PROBLEM DETAILS
Return only that part of the material below which starts with the line containing "This video is" and goes on through the line containing "I live right", restated exactly.
DATA EXTRACTS: Begin
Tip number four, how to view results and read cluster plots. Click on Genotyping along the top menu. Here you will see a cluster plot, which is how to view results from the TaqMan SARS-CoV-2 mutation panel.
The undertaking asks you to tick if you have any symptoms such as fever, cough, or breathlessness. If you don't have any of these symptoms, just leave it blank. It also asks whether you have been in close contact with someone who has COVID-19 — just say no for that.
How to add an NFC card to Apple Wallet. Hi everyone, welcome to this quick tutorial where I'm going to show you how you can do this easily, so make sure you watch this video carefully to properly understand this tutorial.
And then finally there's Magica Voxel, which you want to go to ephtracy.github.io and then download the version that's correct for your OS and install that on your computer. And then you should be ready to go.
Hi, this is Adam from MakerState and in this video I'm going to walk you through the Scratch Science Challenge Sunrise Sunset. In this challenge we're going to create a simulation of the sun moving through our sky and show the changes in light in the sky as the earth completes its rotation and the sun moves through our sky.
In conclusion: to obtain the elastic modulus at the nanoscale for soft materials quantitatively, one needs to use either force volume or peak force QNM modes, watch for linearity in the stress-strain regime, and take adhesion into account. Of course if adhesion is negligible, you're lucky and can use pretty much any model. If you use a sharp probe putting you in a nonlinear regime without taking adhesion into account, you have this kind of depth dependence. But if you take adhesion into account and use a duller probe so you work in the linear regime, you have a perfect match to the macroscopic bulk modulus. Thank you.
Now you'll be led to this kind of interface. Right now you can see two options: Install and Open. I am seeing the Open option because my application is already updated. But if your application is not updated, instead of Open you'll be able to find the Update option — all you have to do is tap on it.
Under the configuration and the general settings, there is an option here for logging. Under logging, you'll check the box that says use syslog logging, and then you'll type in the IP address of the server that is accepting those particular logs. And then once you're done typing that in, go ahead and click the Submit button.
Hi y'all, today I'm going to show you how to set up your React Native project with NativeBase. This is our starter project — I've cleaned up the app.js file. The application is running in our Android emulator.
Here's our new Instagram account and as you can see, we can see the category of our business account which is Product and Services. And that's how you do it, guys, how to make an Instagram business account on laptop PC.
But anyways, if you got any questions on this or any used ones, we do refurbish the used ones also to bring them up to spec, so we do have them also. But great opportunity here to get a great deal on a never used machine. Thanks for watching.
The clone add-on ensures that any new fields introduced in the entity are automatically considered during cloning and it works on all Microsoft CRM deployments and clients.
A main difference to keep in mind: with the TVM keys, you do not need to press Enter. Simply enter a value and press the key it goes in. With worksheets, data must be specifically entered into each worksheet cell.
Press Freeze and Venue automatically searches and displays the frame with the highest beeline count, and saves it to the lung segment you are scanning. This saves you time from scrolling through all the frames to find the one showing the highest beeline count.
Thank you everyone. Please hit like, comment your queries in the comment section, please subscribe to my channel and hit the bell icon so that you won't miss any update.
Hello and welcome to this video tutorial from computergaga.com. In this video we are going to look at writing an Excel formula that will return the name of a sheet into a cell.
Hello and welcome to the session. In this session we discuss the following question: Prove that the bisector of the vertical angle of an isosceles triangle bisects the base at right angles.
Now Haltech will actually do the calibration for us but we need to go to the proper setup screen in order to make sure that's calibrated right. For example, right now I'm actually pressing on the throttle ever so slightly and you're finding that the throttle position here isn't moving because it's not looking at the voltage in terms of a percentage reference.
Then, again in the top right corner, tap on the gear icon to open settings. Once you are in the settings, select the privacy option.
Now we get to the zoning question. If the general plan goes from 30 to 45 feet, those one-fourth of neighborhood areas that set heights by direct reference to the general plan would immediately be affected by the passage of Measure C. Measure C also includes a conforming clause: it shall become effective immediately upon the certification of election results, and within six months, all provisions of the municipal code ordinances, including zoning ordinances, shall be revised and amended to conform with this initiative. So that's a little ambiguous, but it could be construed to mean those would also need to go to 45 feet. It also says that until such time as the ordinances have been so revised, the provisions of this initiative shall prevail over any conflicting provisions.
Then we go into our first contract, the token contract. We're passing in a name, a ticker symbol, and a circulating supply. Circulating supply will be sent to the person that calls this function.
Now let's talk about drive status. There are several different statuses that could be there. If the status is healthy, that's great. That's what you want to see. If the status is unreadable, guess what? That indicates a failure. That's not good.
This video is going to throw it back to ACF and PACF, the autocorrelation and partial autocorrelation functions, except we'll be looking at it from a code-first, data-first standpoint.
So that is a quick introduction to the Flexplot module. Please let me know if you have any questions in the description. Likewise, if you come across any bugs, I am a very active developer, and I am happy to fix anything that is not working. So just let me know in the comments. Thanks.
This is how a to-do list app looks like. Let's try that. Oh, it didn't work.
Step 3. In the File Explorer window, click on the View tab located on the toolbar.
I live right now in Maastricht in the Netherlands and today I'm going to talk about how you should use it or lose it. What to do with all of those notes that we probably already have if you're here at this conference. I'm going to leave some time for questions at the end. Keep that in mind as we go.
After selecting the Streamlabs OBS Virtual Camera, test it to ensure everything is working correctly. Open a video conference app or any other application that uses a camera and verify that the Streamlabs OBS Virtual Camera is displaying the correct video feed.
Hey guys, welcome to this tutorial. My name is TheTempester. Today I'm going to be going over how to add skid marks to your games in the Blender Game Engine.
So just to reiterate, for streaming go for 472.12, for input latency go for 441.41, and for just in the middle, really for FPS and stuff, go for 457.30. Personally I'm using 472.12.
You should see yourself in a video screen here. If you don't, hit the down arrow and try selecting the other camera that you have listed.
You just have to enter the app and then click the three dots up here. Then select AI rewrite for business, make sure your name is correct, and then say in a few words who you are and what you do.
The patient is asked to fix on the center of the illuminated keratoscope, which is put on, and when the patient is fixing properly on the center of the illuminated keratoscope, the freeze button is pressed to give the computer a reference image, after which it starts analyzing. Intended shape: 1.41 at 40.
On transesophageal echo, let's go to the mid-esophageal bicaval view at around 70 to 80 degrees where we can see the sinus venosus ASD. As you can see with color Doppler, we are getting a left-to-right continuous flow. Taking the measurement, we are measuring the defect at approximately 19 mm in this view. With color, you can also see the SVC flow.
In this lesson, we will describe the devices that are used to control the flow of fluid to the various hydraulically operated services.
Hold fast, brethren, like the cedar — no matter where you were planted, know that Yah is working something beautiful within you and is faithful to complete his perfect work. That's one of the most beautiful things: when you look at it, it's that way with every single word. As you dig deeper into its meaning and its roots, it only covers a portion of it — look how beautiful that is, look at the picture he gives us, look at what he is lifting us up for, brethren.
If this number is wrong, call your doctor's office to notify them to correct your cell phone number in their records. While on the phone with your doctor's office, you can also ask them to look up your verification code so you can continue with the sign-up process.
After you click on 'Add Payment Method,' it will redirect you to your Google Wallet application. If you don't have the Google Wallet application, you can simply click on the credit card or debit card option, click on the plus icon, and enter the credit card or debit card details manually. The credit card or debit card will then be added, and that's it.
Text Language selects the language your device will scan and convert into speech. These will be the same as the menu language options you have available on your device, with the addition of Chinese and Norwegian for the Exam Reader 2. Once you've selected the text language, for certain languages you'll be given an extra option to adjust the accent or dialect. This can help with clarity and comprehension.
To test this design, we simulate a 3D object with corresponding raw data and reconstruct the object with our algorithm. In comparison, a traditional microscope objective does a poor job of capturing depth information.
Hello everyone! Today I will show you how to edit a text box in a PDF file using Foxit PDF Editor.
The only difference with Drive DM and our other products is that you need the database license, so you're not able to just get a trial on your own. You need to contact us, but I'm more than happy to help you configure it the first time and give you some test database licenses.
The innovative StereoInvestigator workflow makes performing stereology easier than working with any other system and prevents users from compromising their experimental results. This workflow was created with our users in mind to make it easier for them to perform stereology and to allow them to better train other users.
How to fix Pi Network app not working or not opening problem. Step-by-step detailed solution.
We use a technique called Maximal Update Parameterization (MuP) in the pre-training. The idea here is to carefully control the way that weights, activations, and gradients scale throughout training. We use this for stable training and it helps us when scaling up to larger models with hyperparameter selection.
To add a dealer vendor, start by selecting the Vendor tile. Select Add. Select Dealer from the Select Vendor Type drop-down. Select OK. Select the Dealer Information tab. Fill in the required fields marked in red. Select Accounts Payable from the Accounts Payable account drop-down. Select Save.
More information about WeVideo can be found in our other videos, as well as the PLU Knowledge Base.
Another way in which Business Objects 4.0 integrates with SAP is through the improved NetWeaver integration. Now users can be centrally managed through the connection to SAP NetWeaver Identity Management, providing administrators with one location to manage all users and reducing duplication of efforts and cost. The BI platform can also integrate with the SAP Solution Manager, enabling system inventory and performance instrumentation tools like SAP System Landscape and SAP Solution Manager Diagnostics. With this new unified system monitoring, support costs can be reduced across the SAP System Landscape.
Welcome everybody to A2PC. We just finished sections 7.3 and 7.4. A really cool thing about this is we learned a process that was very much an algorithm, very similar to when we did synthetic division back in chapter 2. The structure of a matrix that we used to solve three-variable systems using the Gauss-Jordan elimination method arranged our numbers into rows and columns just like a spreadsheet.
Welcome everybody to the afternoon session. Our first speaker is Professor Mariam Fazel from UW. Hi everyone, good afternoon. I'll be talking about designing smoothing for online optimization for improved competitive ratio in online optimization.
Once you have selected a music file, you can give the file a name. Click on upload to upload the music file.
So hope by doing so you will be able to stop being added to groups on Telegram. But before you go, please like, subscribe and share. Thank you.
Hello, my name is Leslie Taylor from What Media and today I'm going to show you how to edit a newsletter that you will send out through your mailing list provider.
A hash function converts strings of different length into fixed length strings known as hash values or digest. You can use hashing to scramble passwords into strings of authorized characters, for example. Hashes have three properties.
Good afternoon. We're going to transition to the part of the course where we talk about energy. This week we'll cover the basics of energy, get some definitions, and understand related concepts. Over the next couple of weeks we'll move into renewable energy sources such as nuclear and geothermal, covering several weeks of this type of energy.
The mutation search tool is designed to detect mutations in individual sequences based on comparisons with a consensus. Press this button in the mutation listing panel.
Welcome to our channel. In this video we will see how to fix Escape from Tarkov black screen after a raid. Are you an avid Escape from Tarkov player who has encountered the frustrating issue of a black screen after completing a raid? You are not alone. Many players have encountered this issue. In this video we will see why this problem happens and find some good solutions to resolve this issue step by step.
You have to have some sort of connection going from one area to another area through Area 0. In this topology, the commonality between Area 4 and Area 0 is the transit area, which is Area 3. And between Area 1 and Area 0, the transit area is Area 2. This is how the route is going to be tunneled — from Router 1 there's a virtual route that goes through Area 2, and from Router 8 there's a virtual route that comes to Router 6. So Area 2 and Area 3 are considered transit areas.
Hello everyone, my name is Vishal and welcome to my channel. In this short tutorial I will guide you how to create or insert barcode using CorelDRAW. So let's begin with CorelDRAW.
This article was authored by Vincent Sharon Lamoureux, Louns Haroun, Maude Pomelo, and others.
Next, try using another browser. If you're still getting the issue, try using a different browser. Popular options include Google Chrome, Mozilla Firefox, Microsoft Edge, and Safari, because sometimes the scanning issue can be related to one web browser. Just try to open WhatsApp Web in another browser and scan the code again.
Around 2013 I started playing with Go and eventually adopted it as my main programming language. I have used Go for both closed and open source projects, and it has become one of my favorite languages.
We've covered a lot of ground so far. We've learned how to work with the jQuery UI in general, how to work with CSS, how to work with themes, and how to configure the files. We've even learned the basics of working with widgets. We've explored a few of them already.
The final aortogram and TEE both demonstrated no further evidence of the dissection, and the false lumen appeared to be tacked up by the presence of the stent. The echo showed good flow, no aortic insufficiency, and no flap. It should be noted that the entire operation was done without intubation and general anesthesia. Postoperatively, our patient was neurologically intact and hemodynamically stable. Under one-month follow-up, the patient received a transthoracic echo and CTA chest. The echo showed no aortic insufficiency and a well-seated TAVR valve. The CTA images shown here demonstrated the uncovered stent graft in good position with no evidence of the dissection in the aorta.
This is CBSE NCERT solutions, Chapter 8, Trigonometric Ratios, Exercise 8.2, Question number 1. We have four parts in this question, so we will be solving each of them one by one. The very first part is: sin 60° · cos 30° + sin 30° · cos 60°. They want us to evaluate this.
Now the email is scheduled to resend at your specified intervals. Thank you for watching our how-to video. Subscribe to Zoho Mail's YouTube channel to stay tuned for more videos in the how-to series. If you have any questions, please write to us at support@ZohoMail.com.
DATA EXTRACTS: End
WRITTEN SOLUTION
This video is going to throw it back to ACF and PACF, the autocorrelation and partial autocorrelation functions, except we'll be looking at it from a code-first, data-first standpoint.
So that is a quick introduction to the Flexplot module. Please let me know if you have any questions in the description. Likewise, if you come across any bugs, I am a very active developer, and I am happy to fix anything that is not working. So just let me know in the comments. Thanks.
This is how a to-do list app looks like. Let's try that. Oh, it didn't work.
Step 3. In the File Explorer window, click on the View tab located on the toolbar.
I live right now in Maastricht in the Netherlands and today I'm going to talk about how you should use it or lose it. What to do with all of those notes that we probably already have if you're here at this conference. I'm going to leave some time for questions at the end. Keep that in mind as we go.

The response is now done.